Dropbox discloses breach after hacker stole 130 GitHub repositories

The cloud storage provider Dropbox disclosed a recent phishing attack targeting the company’s employees that resulted in unauthorized access to 130 of its GitHub repositories after gaining access to a GitHub account using employee credentials obtained in a phishing attack. The cloud giant said it discovered the breach on October 14 when GitHub notified it of suspicious activity that started the previous day. The multiple Dropboxers received phishing emails impersonating CircleCI, with the intent of targeting our GitHub accounts.

The company’s security team stated that these stolen repositories included “some credentials—primarily, API keys—used by Dropbox developers”. The code and the data around it also included a few thousand names and email addresses belonging to Dropbox employees, current and past customers, sales leads, and vendors (for context, Dropbox has more than 700 million registered users). The company has notified all those affected by this data breach.

The successful breach resulted from a phishing attack that targeted multiple Dropbox employees using emails impersonating the CircleCI continuous integration and delivery platform and redirecting them to a phishing landing page where they were asked to enter their GitHub username and password.

On the same phishing page, the employees were also asked to “use their hardware authentication key to pass a One-Time Password (OTP) to the malicious site.”

After stealing the Dropboxers’ credentials, the attackers gained access to one of Dropbox’s GitHub organizations, where they proceeded to copy 130 of their code repositories.
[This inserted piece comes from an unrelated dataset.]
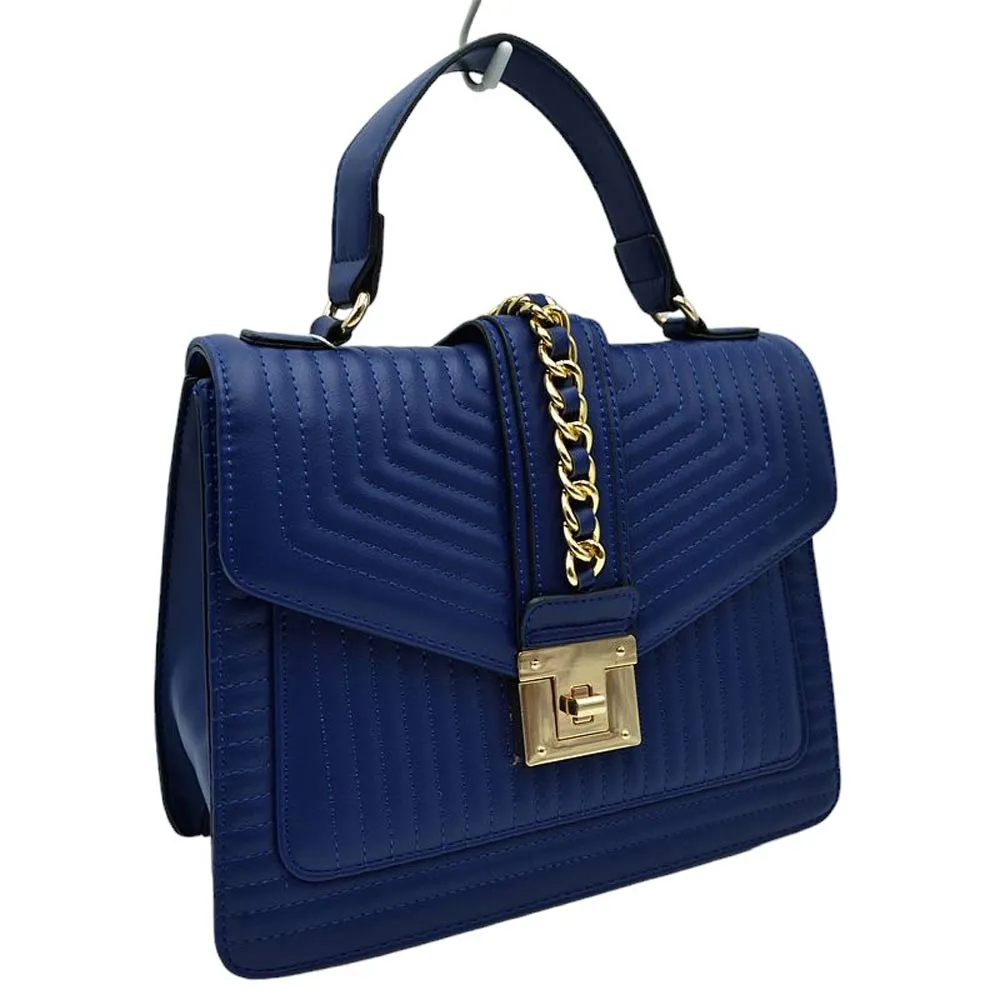 Quilted Faux Leather Top Handle Crossbody Tote Bag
These repositories included our own copies of third-party libraries slightly modified for use by Dropbox, internal prototypes, and some tools and configuration files used by the security team,” the company added. Dropbox added that the attackers never had access to customers’ accounts, passwords, or payment information, and its core apps and infrastructure were not affected as a result of this breach. Dropbox is working on securing its entire environment using WebAuthn and hardware tokens or biometric factors.

“While GitHub itself was not affected, the campaign has impacted many victim organizations,” GitHub said in an advisory at the time.
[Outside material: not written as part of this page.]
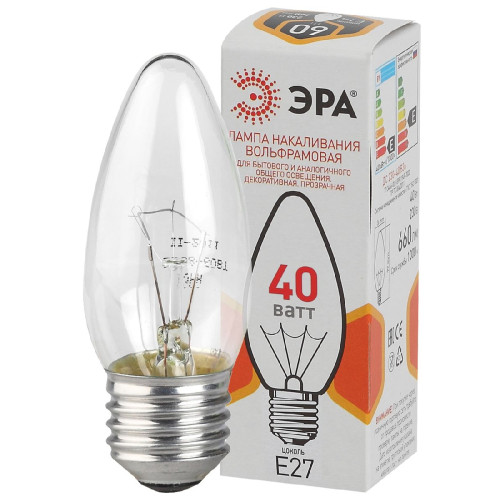Лампа накаливания Эра E27 40W ДС 40-230-E27-CL Б0039128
GitHub said it detected content exfiltration from private repositories almost immediately after the compromise, with the threat actors using VPN or proxy services to make tracing them more difficult.

 

Remediation:

  • Conduct continuous scheduled training sessions for the employees with mock phishing scenarios.
  • Deploy a SPAM filter that detects malwares, blank senders, etc.
  • Keep all systems current with the latest security patches and updates.
  • Install an antivirus solution, schedule signature updates, and monitor the antivirus status on all equipment.
  • Develop a security policy that includes but isn’t limited to password expiration and complexity.
  • Deploy a web filter mechanism to block malicious website.
  • Encrypt all sensitive company information at rest with the proper backup suites.
  • Implement email encryption for employees that are telecommuting.